As a counterbalance to the painting of Clarence Thomas is the Presidential portrait of Barack Obama by the painter Kehinde Wiley. The only African American President in United States history, Obama represents a neoliberal ideal for the progress of the nation's ethos. Embodied in the Obama Presidency is the dream of the immigrant, the dream of the negro in centuries past, the dream of those knowledged black men of the Civil Rights era, the dream of the middle class, the dream that through determination, eloquence, and poise, you can rise to hold the greatest power on the planet. This dream proliferated in the American consciousness by figures like Martin Luther King Jr, Thurgood Marshall, and Jesse Jackson. This dream runs counter to a black radical tradition housed in bodies like Nat Turner, Harriet Tubman, and Malcolm X. The rhetoric of, “by any means,” is beyond the steps of political intervention. Barak Obama represents an acceptable, merited, black masculinity, and a lack of, maybe even a castration of the masculine libido attached to black masculinity as the bestial, subhuman, drive towards pleasure without regard for responsibility so often depicted in popular media.
Art History is revelatory in its expansion towards accessibility and not necessarily acceptability in the public imagination. The building of the western canon is self congratulatory in its inclusion of non white, non-European, femme, and queer voices, this is no surprise considering those consumed by the machinery of western civilization. Art History is an arm of the architecture of domination set in place over centuries of white supremacist rule. Representation in a democratic society is often conflated with an ability to effect change in that society. We continue to see that representation is subverted and repositioned as access to new markets for economic expansion while the subjects being represented are consumers of human capital with a face like theirs on goods that send wealth far away from home. Descriptors like enhancement, redevelopment, and redistribution speak towards an action of making more than or an active repositioning of the heart of the matter. This is the incremental progress housed in the liberal tradition that is often behind the cultural ball when dealing with lived realities. Approaching this as an art historical document looks to highlight practices counter to what is currently accessible to the field and looks to expand on a growing discourse around bodies and practices on the bounds of history. The political divide that frames this work is in need of reimagining that forwards culture through a liberal ideal that is insufficient in housing the reality of artistic production. Conservancy and liberation as they relate to analytical structures for moving ideology that makes consciousness recognizable are insufficient in housing the technical and intellectual strides of those existing on the other side of the programmatic mission of those structures. Instead this is a movement towards a revelatory analysis of the margins, nascent, groundbreaking in their harnessing of the plastic parts of consciousness and imaging.

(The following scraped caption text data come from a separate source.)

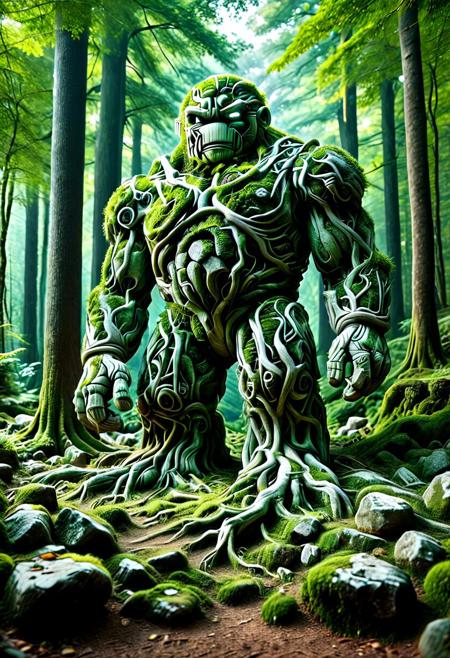 score_9,score_8_up,score_7_up, PG-TR, This is a vibrant, fantasy illustration of a large, golem-like figure that appears to be made of stones and rocks, partly overgrown with lush green foliage. The figure stands in a forested environment, with trees and plants surrounding it, and in the background, ruins or other stone structures are visible. The sky above is clear blue with some white clouds, indicating a sunny day.
The colossus itself is impressively large, with a broad posture and thick, robust limbs. Its body is a mix of gray and brown stones, some smoother than others, with cracks and moss growth emphasizing its age and natural integration. The most striking feature is the dense layer of bright green leaves covering large parts of its torso, shoulders, and upper legs, as if it has become part of the forest itself.
The colossus's face is somewhat human-like, with a stylized, flat nose and indentations suggesting eyes, all formed from stone. The overall atmosphere of the image is one of wonder and mystery, fitting for a fantasy world. <lora:Treeroots_0_90_multi2_Handprocessed_V2:1>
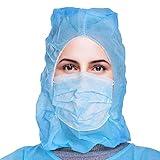 EZGOODZ Blue Disposable Hood Caps One Size. Pack of 100 Disposable Bouffant Hoods. 18 GSM Polypropylene Disposable Hoods with Elastic Band. Well-Ventilated Protective Caps Hoods Hairnets Unisex
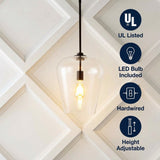 Hayes 11.25"  Industrial Farmhouse Iron/Glass LED Pendant Oil Rubbed Bronze/Clear / 1 Socket – ICONS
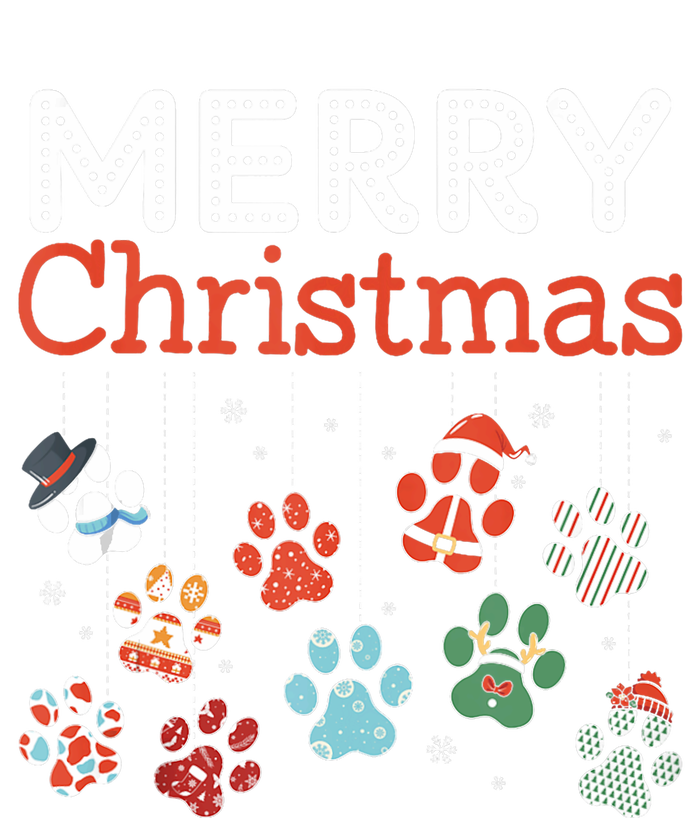 Merry Christmas Paw Prints For Dog Lovers Design Tank Top Striped Beanie with Solid Band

Attaching this analysis to black masculinity unlocks a threshold where art history separates modes of survival from the creative act. In this space my practice as an artist exists alongside industries on the brink of consumption by forces much larger than I can imagine. And still they are conceivable through their replication of the inequities of capitalism, colonialism, and religious zeal in the field of cultural production. It is this adaptability to an unpredictable means that is central to understanding the way black masculinity has been represented in art history. The stuff of access, how production is carried out, and what has historically been taboo to the cause presents black masculinity as a regimented system that perpetuates a capital driven and market centered understanding itself. In researching and producing artworks I ask myself, “to what ends is this the case?” Those ends I think they play out on a timeline longer than I will be here to see but the ends are definitely connected to art’s functioning as a currency that moves among people.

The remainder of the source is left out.